Courtesy of Wikimedia Commons

Gary Russell Jr. grew up in Capitol Heights, Maryland, an area not known for breeding success. Rather than involving himself in activities detrimental to his well-being, Russell would spend countless hours training in the basement of his home, pounding the heavy bag under the tutelage of his father, Gary Sr.

“Not having to have the high-tech equipment to be successful, instilled work ethic, memory of hitting the heavy bag in the basement, driving mother crazy,” he said.

Russell made it his mission to show youth in the DMV that they don’t have to be a product of the environment, but can forge their own paths. Through his Team Russell Foundation, he is bringing boxing back into the area by just having fun.

Russell knows that community activism is key to giving back, and the impact that his parents had on his life assisted him with his dreams.

“My mother and father scraping up cash for boxing uniforms to gain experience in boxing [has] propelled us to where we are now,” he said.

In 2016, Team Russell was created. Like AAU basketball, youth boxers 8 to 16 years of age compete to represent their community in national boxing tournaments. Russell puts them through four days of excruciating training to bring out their highest competitive spirit.

Of his efforts, Russell said fervidly, “We need the youth to understand that you can do anything you put your mind too through consistent, being in constant motion, instilling that concept. Anyone we meet, we play a significant role in their life. We want to build a dynasty, that includes passing valuable information down generation to generation.”

Russell focuses on children in areas such as Capitol Heights because, like him, they’re not foreign to adversity.

After several hand injuries and conditioning issues, Russell has persevered against the odds. The most recent setback came when the scheduled defense of his WBC featherweight championship against Oscar Escandon, which would have been Russell’s first fight in his hometown, was postponed in March due to a back injury to Escandon.

With the bout now scheduled for May 20 at the MGM National Harbor in Oxon Hill, Russell said he is excited not just for the fight, but for the community.

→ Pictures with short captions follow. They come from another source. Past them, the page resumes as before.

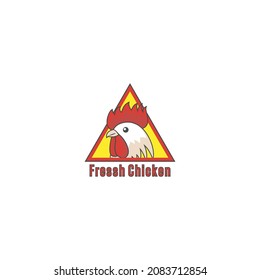 Fried chicken restaurant logo template. Set chicken label for business template illustration. Chicken mascot logo vector, Illustration of chicken. Banner illustration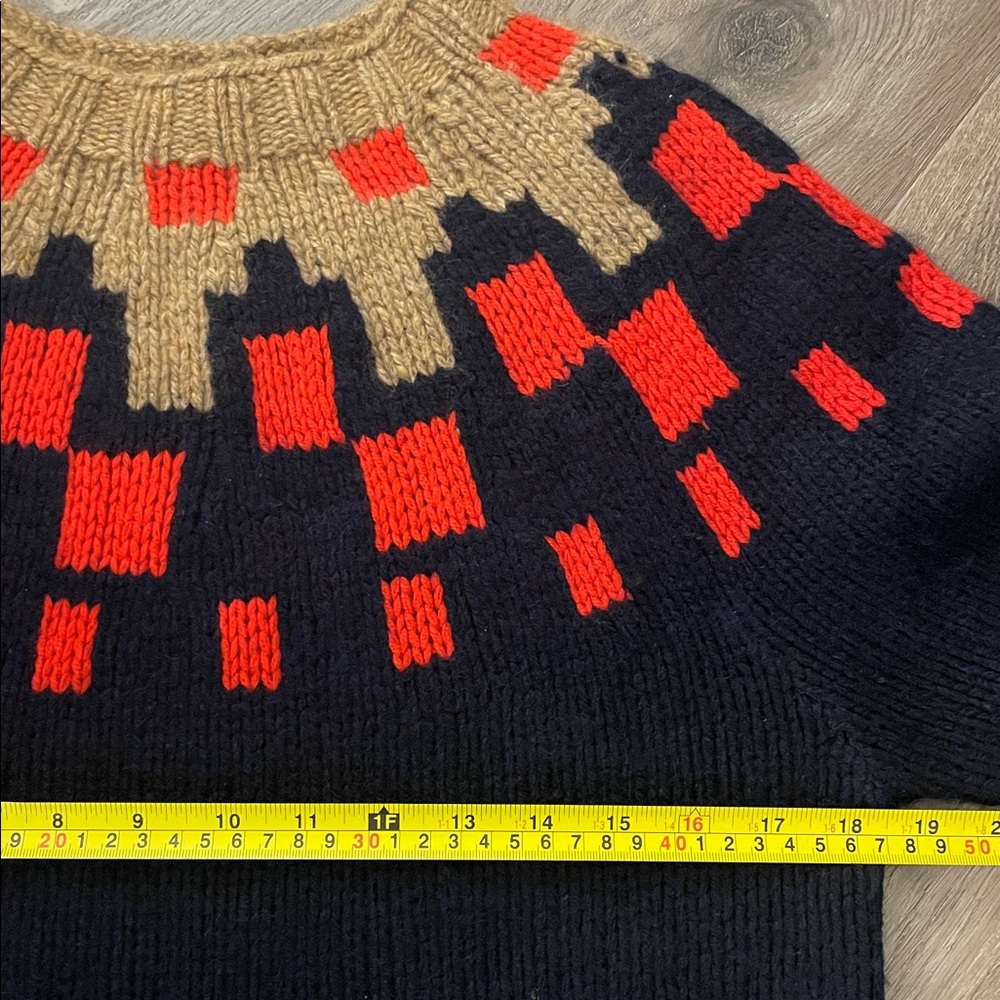 J. Crew Collection Cashmere Mohair Knit Sweater Geometric Design 2012 Rare Style - Picture 12 of 12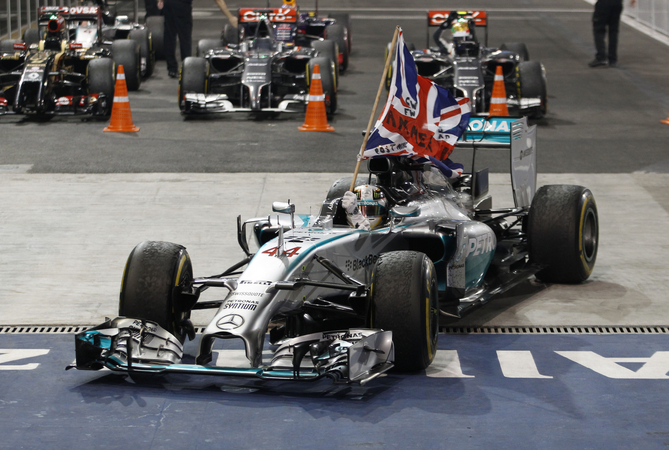 Hamilton received a special congratulation radio message from Prince Harry of England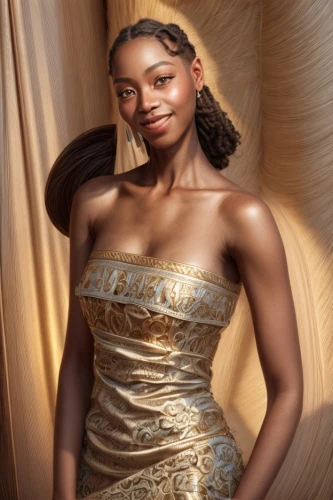 african american woman,african woman,beautiful african american women,tiana,nigeria woman,gold filigree,golden weddings,portrait background,black woman,african-american,bridal clothing,elegant,ball gown,black women,evening dress,mary-gold,brandy,brown fabric,african american,retouching,Common,Common,Natural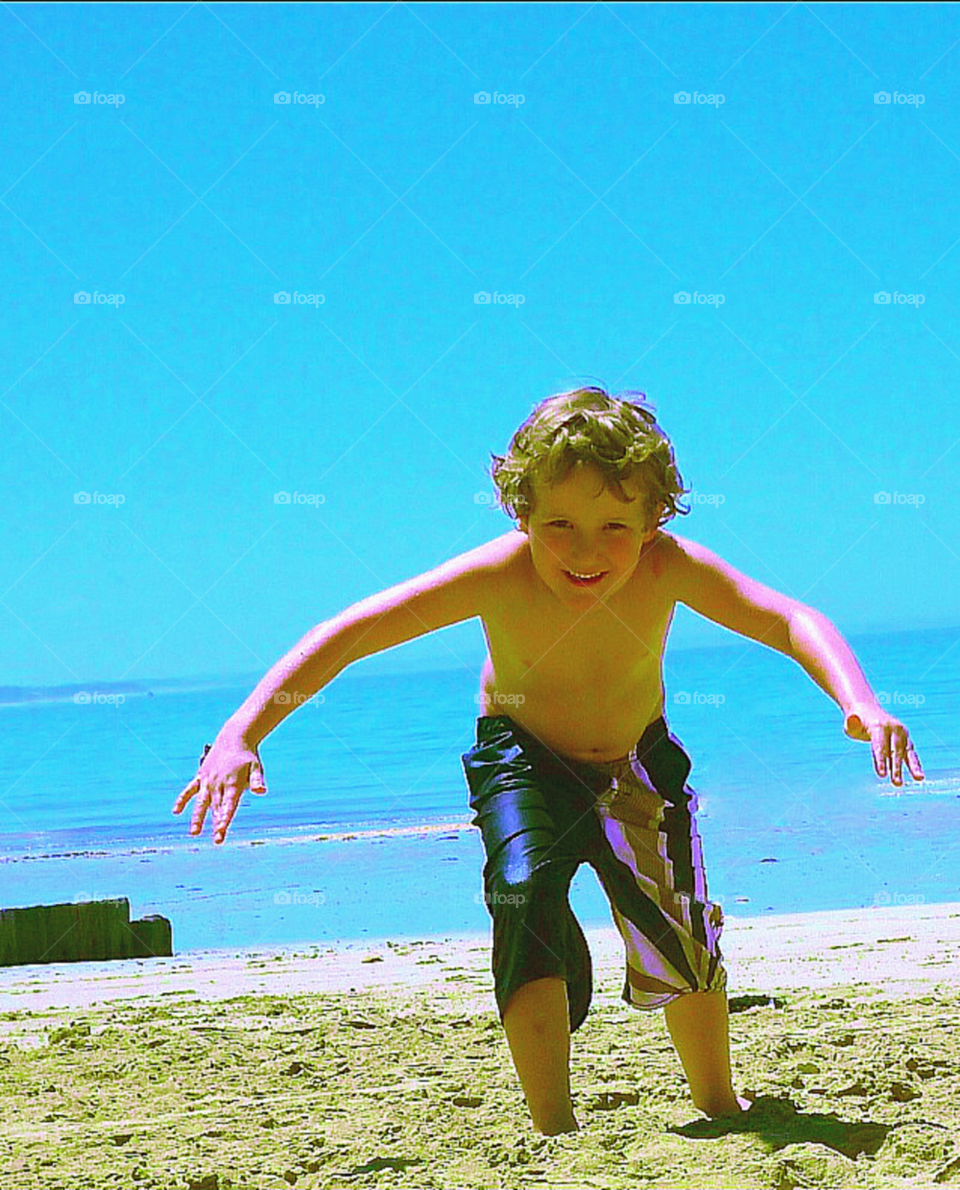 beach happy summer child by clandra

“The MGM has opened many doors of entertainment in the DMV, so this fight is meaningful for me and my family,” he said. “The fight being pushed back isn’t a big deal — injuries happen and it wasn’t in his control. So now we’re just ready and time to roll.”

Though he’s known for his boxing prowess, Russell wants to be remembered for instilling morals and integrity into the youth.

“I [want] people to know Gary Russell the man, not the fighter,” Russell said, stressing his desire to provide an umbrella of security over his family with his career choices.

From training as a boy in Capitol Heights to fighting in the main event at MGM, Gary Russell Jr. represents and uplifts the DMV like a real champion should.